Start of Block
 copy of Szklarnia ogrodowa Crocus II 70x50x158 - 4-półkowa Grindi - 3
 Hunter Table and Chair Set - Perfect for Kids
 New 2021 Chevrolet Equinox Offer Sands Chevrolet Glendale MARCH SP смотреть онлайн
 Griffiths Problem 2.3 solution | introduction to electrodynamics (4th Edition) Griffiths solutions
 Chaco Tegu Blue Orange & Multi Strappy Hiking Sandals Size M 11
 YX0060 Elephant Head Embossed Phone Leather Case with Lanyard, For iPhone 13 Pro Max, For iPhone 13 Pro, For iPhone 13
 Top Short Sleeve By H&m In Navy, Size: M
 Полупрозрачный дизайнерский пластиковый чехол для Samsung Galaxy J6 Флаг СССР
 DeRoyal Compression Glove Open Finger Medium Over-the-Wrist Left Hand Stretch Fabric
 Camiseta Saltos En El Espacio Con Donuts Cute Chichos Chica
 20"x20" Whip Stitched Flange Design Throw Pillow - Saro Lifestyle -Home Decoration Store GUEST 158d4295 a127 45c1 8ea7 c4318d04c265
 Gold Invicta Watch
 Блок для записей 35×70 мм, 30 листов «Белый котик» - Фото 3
End of Block
__How to complete this task__
Where in the entries above does the word "Size" appear? Copy each line that has it.

__Your response__
 Chaco Tegu Blue Orange & Multi Strappy Hiking Sandals Size M 11
 Top Short Sleeve By H&m In Navy, Size: M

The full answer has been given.